### The problem
Leave out the pictures and print the rest of the entries exactly as they stand.

### Extracted material
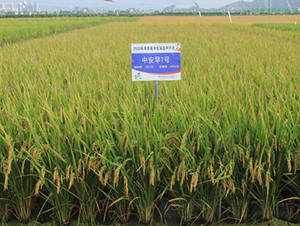 中安7號-水稻種子-金健種業(yè)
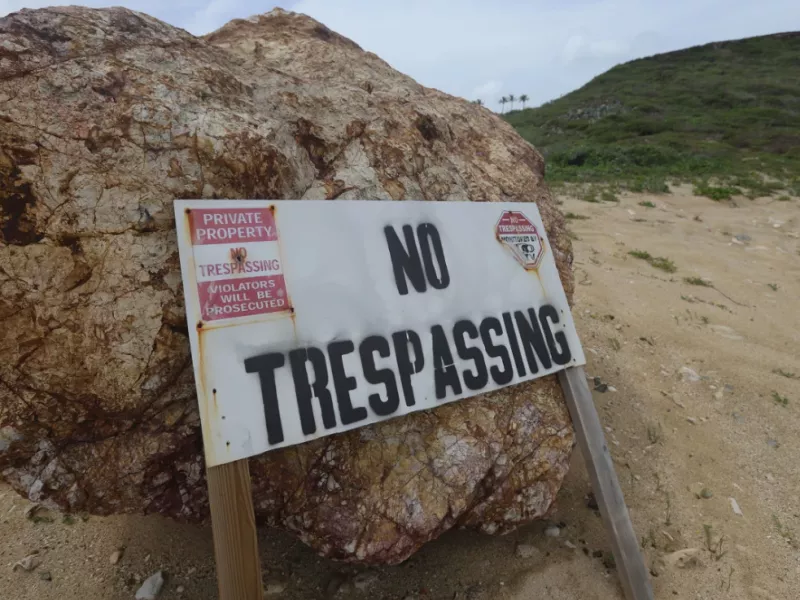 ssssssssssss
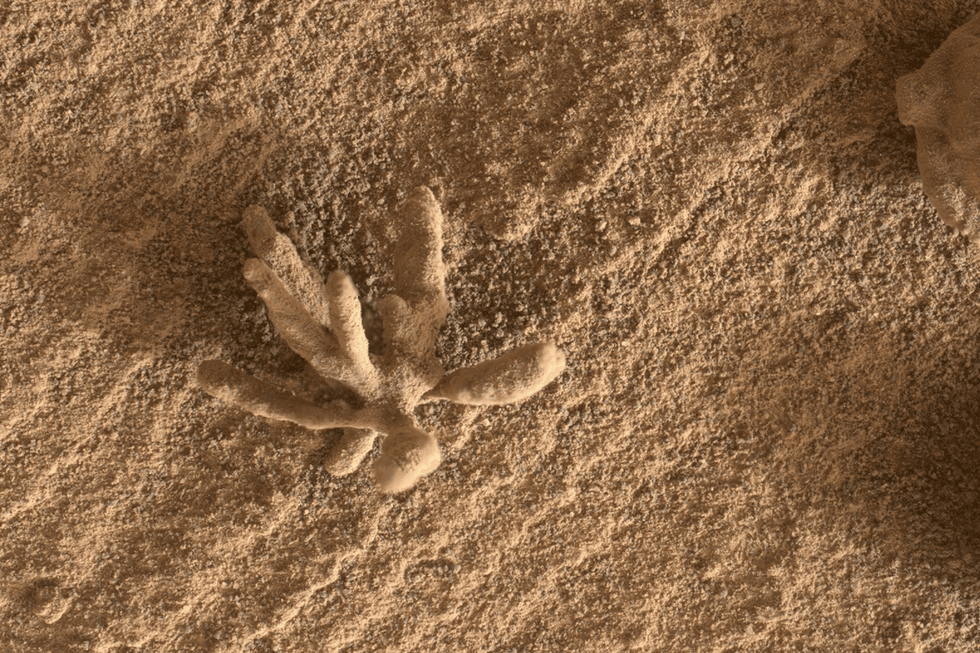 Mars coral rock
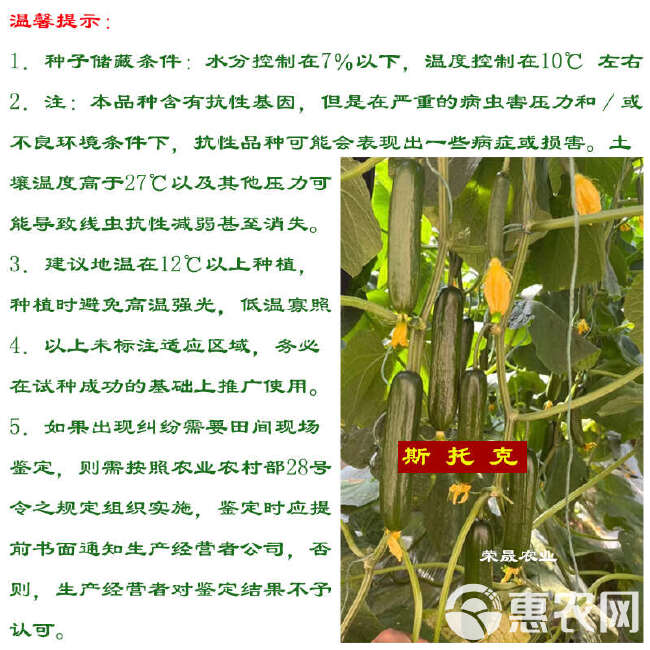 斯托克无刺水果黄瓜种子以色列海泽拉原装四季口感水果黄瓜籽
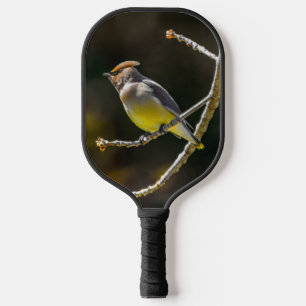 Raquette De Pickleball Cèdre cire Songbird Photo originale Oiseau sauvage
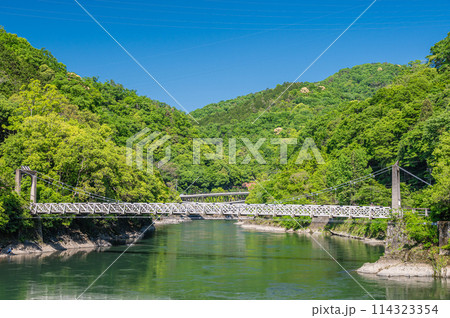 宇治川の吊り橋　天ケ瀬橋　京都府宇治市 114323354
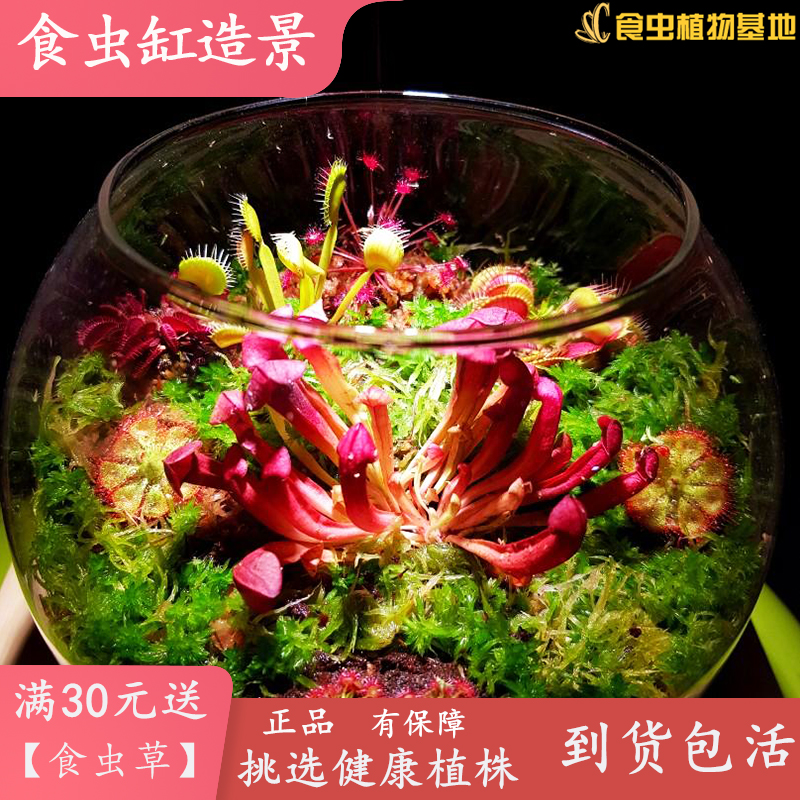 食虫草缸造景茅膏菜捕蝇仿生鱼缸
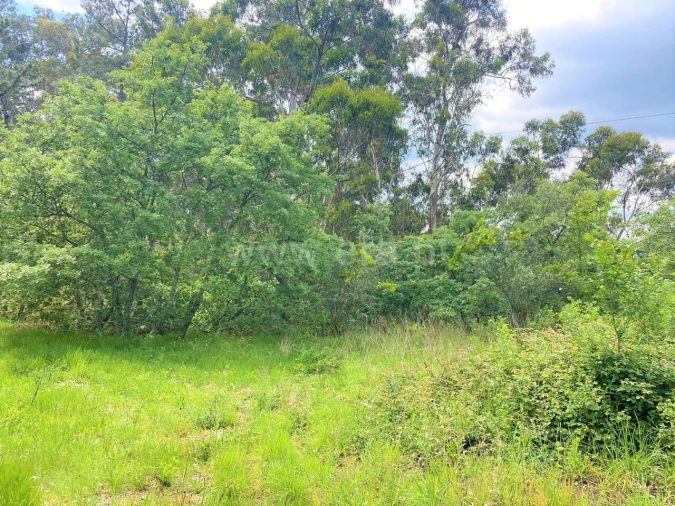 Terreno para Venda em Soalhães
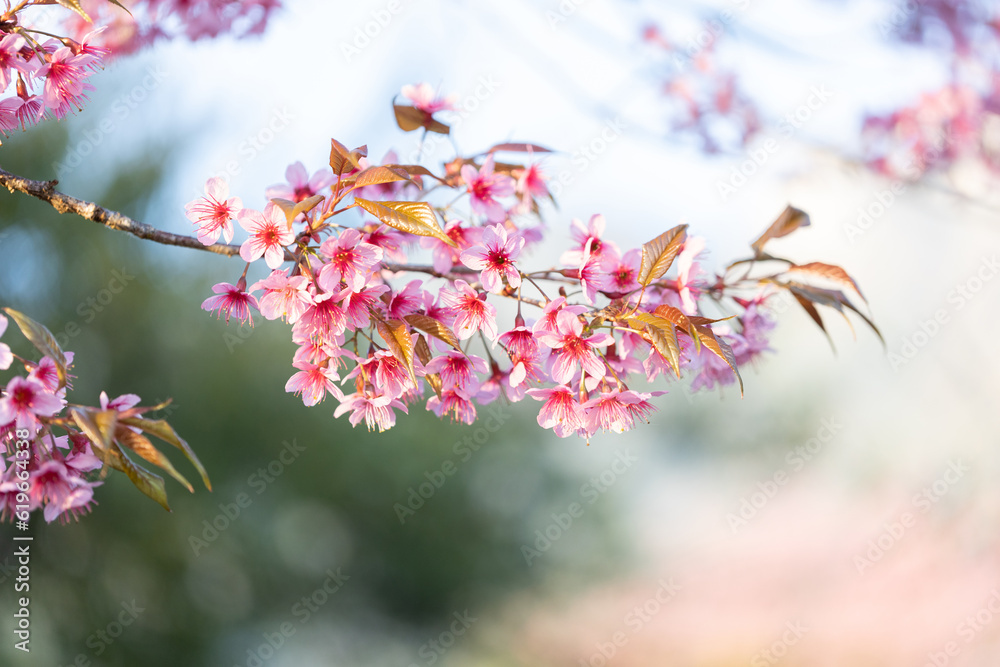Closeup of Wild Himalayan Cherry (Prunus cerasoides) or thai sakura flower Closeup of Wild Himalayan Cherry (Prunus cerasoides) or thai sakura flower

### Result of the task
 中安7號-水稻種子-金健種業(yè)
 ssssssssssss
 Mars coral rock
 斯托克无刺水果黄瓜种子以色列海泽拉原装四季口感水果黄瓜籽
 Raquette De Pickleball Cèdre cire Songbird Photo originale Oiseau sauvage
 宇治川の吊り橋　天ケ瀬橋　京都府宇治市 114323354
 食虫草缸造景茅膏菜捕蝇仿生鱼缸
 Terreno para Venda em Soalhães
Closeup of Wild Himalayan Cherry (Prunus cerasoides) or thai sakura flower Closeup of Wild Himalayan Cherry (Prunus cerasoides) or thai sakura flower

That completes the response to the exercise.